Oct 082012
 

It’s one of the dumbest things you can ever get called out in the middle of the night for – because a filesystem has filled up because of a log file. Dumb, because it’s preventable and because you shouldn’t be the one doing housework. It’s a computer – its whole purpose is to do the work for you.

The logrotate script was created to monitor, archive and delete log files so you don’t have to. It is an absolutely vital utility with which, in theory, a Linux host could run literally forever without maintenance. It’s installed in the base bundle on all major versions of Linux.

The key things you need to know is that the logrotate process is called by the cron daemon, with the wrapper script located at:

   /etc/cron.daily/logrotate

And each logfile (or set of logfiles) which is to be monitored and archived has its own logrotate configuration file under:

   /etc/logrotate.d/

Every time the logrotate program is executed by cron, it checks every monitored logfile against the conditions in the logrotate.d configuration, and then copies it aside, with a number added as an extension, while resetting the original logfile size to zero.

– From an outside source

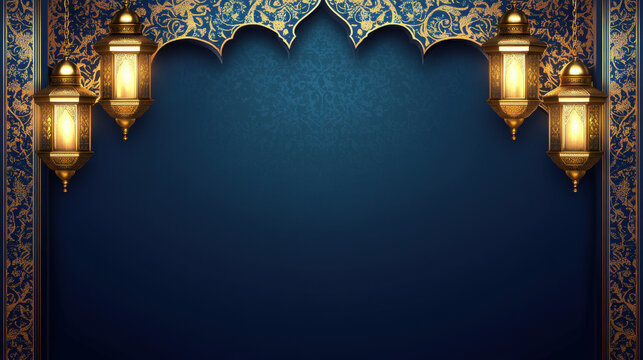 Elegant blue background with golden Islamic patterns and lanterns for the Ramadan Kareem celebration, with copy space concept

Most well-written programs output to a logfile. In order to do so, the filehandle is held open so that the process can exclusively write to this file. But for write efficiency, Linux systems use a buffer cache, which means that output is not written immediately to the filesystem, but is rather buffered in memory and then written out in chunks. During log rotation, if the buffer cache hasn’t been flushed when the logfile gets rotated (that is, moved) then data can be lost. With databases which make an even greater use of memory for speed and internal consistency, this is even more important.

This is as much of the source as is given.